Her voice was rough from the emotional outpouring she had suffered last night, and it broke when she answered the phone with, "Hello?"

"Peach? How are you doing?"

"Oh, I'm great," she answered with false sincerity. "Actually, I was heading out; I’m going to meet someone and maybe see about hitting that new club the next town over tonight.” Her eyes burned and so did her chest with the lie, but she refused to hold him back another second.

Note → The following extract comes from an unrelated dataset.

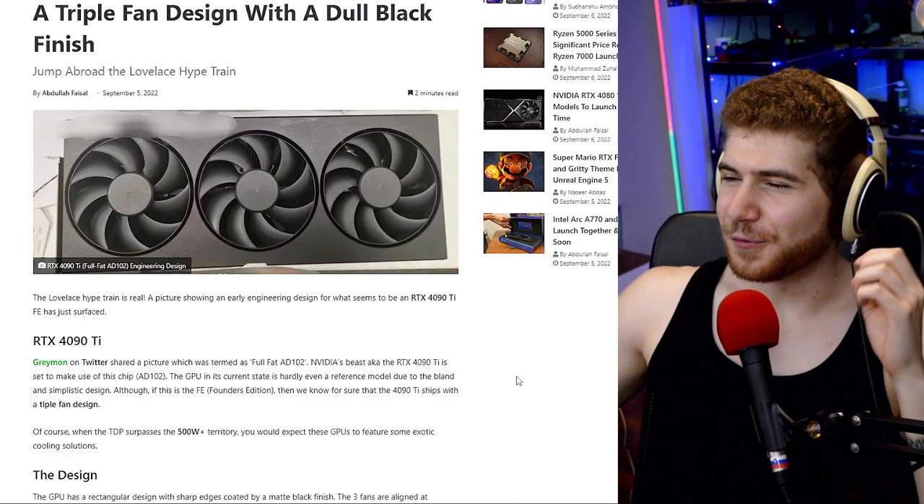The upcoming Ryzen 7000 and Intel's next-gen CPUs are also going to use a lot of watts. The Ryzen 9 7950X will apparently use around 240 watts under full load, and the 3900X can use up to 340 watts under full load. So there's a whole lot of heat being generated — if you're in a smaller room, you're actually going to need an AC.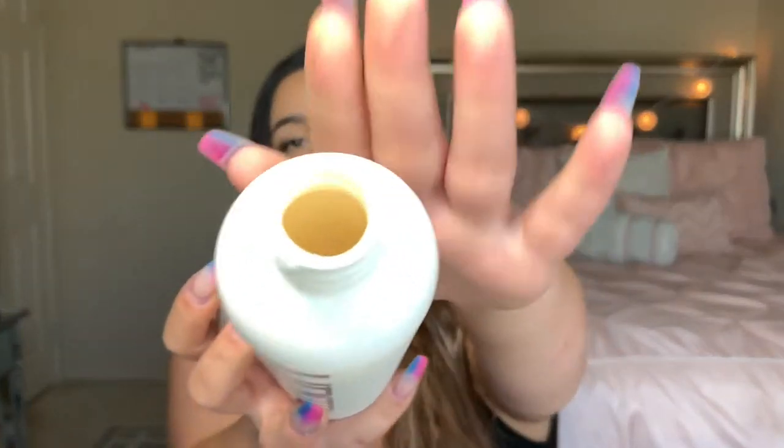My hair is still wet because I obviously just took a shower. Before I get into what I'm actually going to use on my hair, let me show you guys what I use in the shower. So the first thing I do is shampoo — I use the Unite Blonda Daily Shampoo. It's a white shampoo, not colored or anything like that.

"Well, that was quick. We were going to have a picnic and go fishing today. Re-planned already?" Boy, did that one hurt her, because picnics and fishing were their version of a date, and there was always cuddling and shenanigans when they spent the day doing that.

"Well, ya know, it’s the first day of summer and we live in a small town. Word spreads fast. I actually just got off the phone with Chad. We're going to lunch."

"Chad? Katherine, seriously, you know he's trouble."

"Look, Sean, you're gone. You said some things last night that made me think. I am so very sorry that I made you miserable and that our relationship was so hard for you, but if you are moving on, then I am, too. Why should I spend my whole high school career in a relationship and then pining for a guy? You made this choice, not me. No more dictating my life. Go be a cowboy, Cowboy. I’ll be fine. No worries. Go live your dream, and I'll stay here and live mine." She spat all of that out with not just a little of her teenage hormones rushing through her, feeding her adrenaline.

"Katherine, I didn't mean it the way it sounded, you know that. This is just not the kind of life I want right now. I'm—"

"Hey, Cowboy," she cut in, "don't sweat it. I’ll always be your friend. Keep in touch, ‘kay? I've got to go."

"Wait! Now, just wait a damn minute. What the hell do you think you are doing? You can’t do this, Peach. You love me and you know I—"

No. He won’t get away with going there. He made this choice. It isn’t what I want, but he didn’t give me a choice in the matter. I am putting a stop to this BS before he tries to go any further.

"Sorry, Cowboy, I've got to go. I need to go shopping. I need a new dress for my date."

Her facade dropped just a little as she murmured, "Be safe, ‘kay?"

"Katherine!” he said sharply.

"Hey, there's someone on the other line. Have to go. But keep in touch. I'll, uh, I’ll really miss you, Sean." Her voice broke on the last part, which only came out in a whisper. She hurriedly hung up the phone.

No sooner fell her hand away from the phone than it rang again, but she walked out of the house without a backwards glance.

I didn’t ask for any of this, but if I am being forced into this new life, then the very least I can do is try to keep moving forward. No one has to know how broken I am or that every dream I have ever had now lies shattered at my feet. The ruins of the future she was sure of twenty-four hours ago were haunting her as she imagined the future yawning out in front of her, with no color, no hope in sight.

She might not have asked for these changes, but if they were going to be forced on her, then she was determined that the only thing people would get out of her from then on was a superficial brick wall.